Although use of absorbable mesh represents a novel technique for implant-based breast reconstruction, preliminary results have been promising. As per Tessler et al.’s [1] experience, Vicryl mesh has yielded a cost-effective material (approximately $200 per bilateral case) that produces excellent aesthetic outcomes with a low complication profile.

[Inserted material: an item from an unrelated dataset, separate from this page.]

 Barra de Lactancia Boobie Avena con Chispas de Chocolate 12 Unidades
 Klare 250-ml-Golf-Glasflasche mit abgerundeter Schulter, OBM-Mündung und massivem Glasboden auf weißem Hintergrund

In 50 patients undergoing 76 breast reconstructions, a less than 7 % total complication rate was found, with average follow-up of 1.2 years. No implant bottoming-out or malposition was noted postoperatively, despite using an extensive range of implant sizes. During revisional or secondary surgery, capsule formation was found to be similar to that of a primary breast augmentation capsule.

7 Other Materials

Undoubtedly, other materials will emerge as feasible non-ADM alternatives. TIGR Matrix (Novus Scientific; Singapore), a long-term absorbable synthetic mesh with dual-stage resorption, has been successfully used in immediate breast reconstruction [11]. Fast-degrading fiber is a copolymer between glycolide and trimethylene carbonate, resulting in total resorption within 4 months. The slow-degrading fiber is essentially a copolymer of lactide and trimethylene carbonate that keeps mechanical strength for up to 9 months. With degradation, the mesh becomes softer and more pliable.

The Seri surgical scaffold (Allergan, Inc.; Irvine, C.A.) is a knitted material composed of silk-derived fibroin, sourced from the silkworm that being explored as yet another alternative. It functions as a long-term resorbable mesh, providing support for up to 24 months as tissue ingrowth occurs. Animal studies are promising with regard to maintaining mechanical strength, although published human data has yet to be concluded.

8 Conclusions

As the field of non-ADM alternatives expands, large, prospective studies need to be performed in order to further delineate their respective advantages and disadvantages. Preliminary data suggests that equivocal results can likely be achieved at a lower cost and with a potentially lower complication profile. The recent use of products like absorbable mesh and silkworm products are a demonstration of this effort.